This also shows the biggest downside, the array is twice the size of the array we started with. Even worse, double the amount of possible brightness levels and the array is doubled in size. For 6 bit PWM, 64 brightness levels, the array would be 512 bytes big. 8 bit PWM, for 256 brightness levels and it’s 2Kbyte, the entire RAM of a normal Arduino. This means that sticking to a relatively low number of brightness might be needed for big LED arrays.
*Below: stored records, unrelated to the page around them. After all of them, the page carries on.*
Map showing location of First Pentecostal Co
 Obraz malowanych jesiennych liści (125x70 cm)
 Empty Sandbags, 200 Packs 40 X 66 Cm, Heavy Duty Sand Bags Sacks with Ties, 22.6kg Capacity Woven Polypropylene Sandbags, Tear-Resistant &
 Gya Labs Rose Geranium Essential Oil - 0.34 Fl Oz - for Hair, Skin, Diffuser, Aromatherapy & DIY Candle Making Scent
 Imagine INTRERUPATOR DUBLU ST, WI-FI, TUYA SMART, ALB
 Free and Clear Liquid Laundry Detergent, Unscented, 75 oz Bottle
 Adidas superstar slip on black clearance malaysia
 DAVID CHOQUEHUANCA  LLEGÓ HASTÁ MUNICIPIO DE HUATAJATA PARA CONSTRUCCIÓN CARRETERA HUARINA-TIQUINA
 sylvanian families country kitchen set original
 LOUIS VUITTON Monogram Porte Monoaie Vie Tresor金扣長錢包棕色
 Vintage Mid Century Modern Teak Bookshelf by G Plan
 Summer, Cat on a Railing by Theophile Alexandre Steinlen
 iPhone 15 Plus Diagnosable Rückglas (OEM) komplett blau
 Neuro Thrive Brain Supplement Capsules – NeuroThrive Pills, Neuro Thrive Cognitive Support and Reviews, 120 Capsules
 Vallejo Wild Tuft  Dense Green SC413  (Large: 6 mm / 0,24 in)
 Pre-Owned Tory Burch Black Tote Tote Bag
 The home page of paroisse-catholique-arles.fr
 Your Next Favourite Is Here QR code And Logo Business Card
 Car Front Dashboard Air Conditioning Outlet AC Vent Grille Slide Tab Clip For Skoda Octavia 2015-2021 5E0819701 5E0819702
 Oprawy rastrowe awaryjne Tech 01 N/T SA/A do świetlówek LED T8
But this only takes care of generating PWM. After every 2^numofbits bytes, 16 in case of 4 bit PWM, the columns must be switched. First select column one, then column 2, then column 3 and so on. This can be done manually, but the STM32F103 has 7 DMA channels. Why not let the DMA do all the work? The array of data needed to do this looks like this:

const uint8_t columnchange[128] = {
0x01, 0x01, 0x01, 0x01, 0x01, 0x01, 0x01, 0x01, 0x01, 0x01, 0x01, 0x01, 0x01, 0x01, 0x01, 0x01,
0x02, 0x02, 0x02, 0x02, 0x02, 0x02, 0x02, 0x02, 0x02, 0x02, 0x02, 0x02, 0x02, 0x02, 0x02, 0x02,
0x04, 0x04, 0x04, 0x04, 0x04, 0x04, 0x04, 0x04, 0x04, 0x04, 0x04, 0x04, 0x04, 0x04, 0x04, 0x04,
0x08, 0x08, 0x08, 0x08, 0x08, 0x08, 0x08, 0x08, 0x08, 0x08, 0x08, 0x08, 0x08, 0x08, 0x08, 0x08,
0x10, 0x10, 0x10, 0x10, 0x10, 0x10, 0x10, 0x10, 0x10, 0x10, 0x10, 0x10, 0x10, 0x10, 0x10, 0x10,
0x20, 0x20, 0x20, 0x20, 0x20, 0x20, 0x20, 0x20, 0x20, 0x20, 0x20, 0x20, 0x20, 0x20, 0x20, 0x20,
0x40, 0x40, 0x40, 0x40, 0x40, 0x40, 0x40, 0x40, 0x40, 0x40, 0x40, 0x40, 0x40, 0x40, 0x40, 0x40,
0x80, 0x80, 0x80, 0x80, 0x80, 0x80, 0x80, 0x80, 0x80, 0x80, 0x80, 0x80, 0x80, 0x80, 0x80, 0x80};

For the first 16 bytes, only IO 1 is made high. The second 16 bytes, IO2 is made high, and so on. This array is just as big as the previous one, and it also increases in size the more brightness levels are used. Luckily this array never changes so it can be stored in FLASH instead of RAM by using the const keyword.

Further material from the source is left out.